* **Your task**: No pictures, nothing altered: return the data below.

* **Supplied information**:
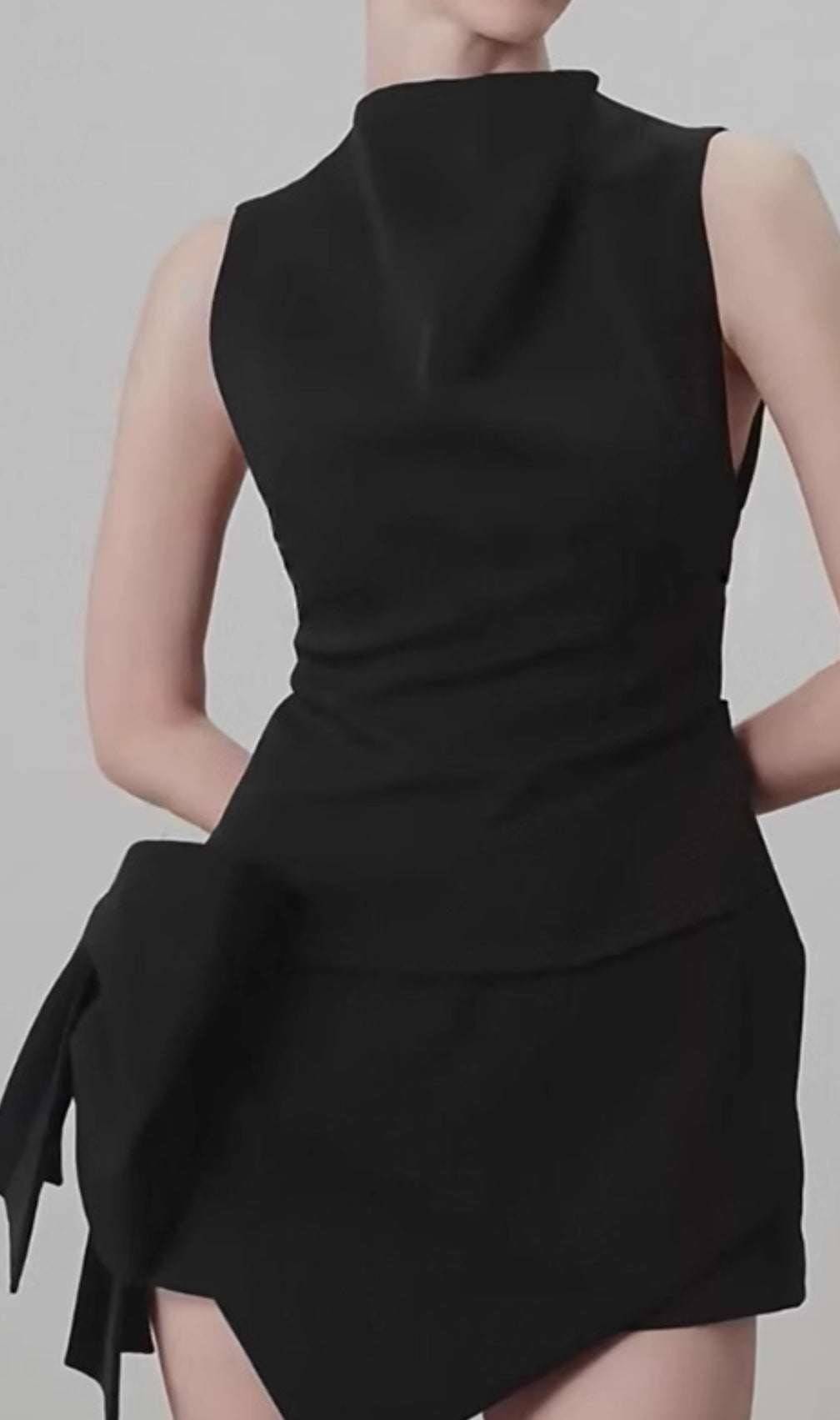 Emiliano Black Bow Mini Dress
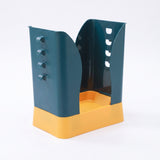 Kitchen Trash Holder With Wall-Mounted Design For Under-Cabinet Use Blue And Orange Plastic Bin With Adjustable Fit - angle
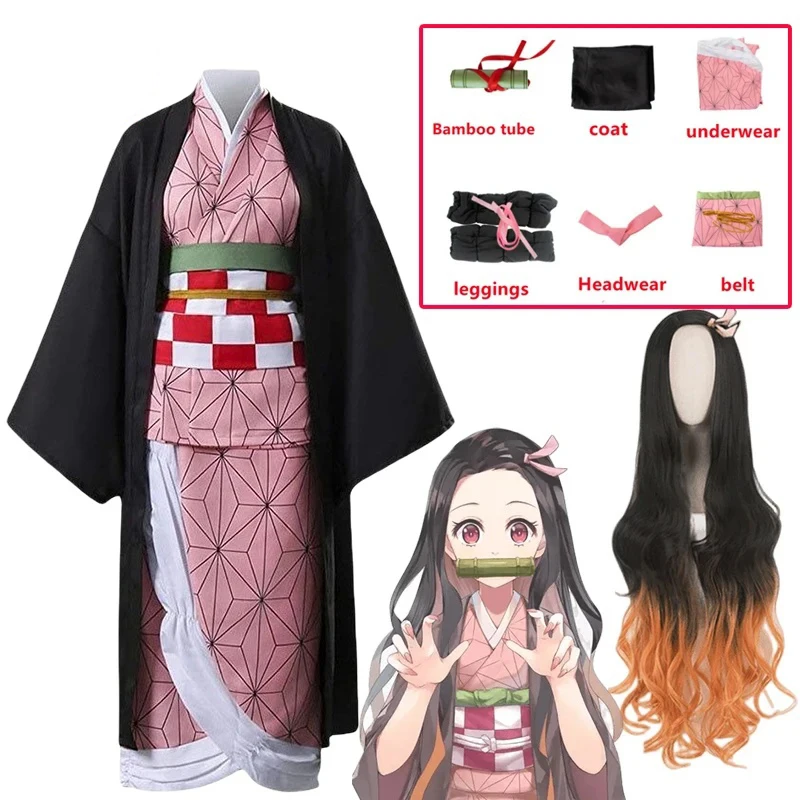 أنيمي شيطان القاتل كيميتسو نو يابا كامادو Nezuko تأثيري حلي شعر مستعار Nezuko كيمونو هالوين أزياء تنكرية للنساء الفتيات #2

* **Problem solution**:
 Emiliano Black Bow Mini Dress
 Kitchen Trash Holder With Wall-Mounted Design For Under-Cabinet Use Blue And Orange Plastic Bin With Adjustable Fit - angle
 أنيمي شيطان القاتل كيميتسو نو يابا كامادو Nezuko تأثيري حلي شعر مستعار Nezuko كيمونو هالوين أزياء تنكرية للنساء الفتيات #2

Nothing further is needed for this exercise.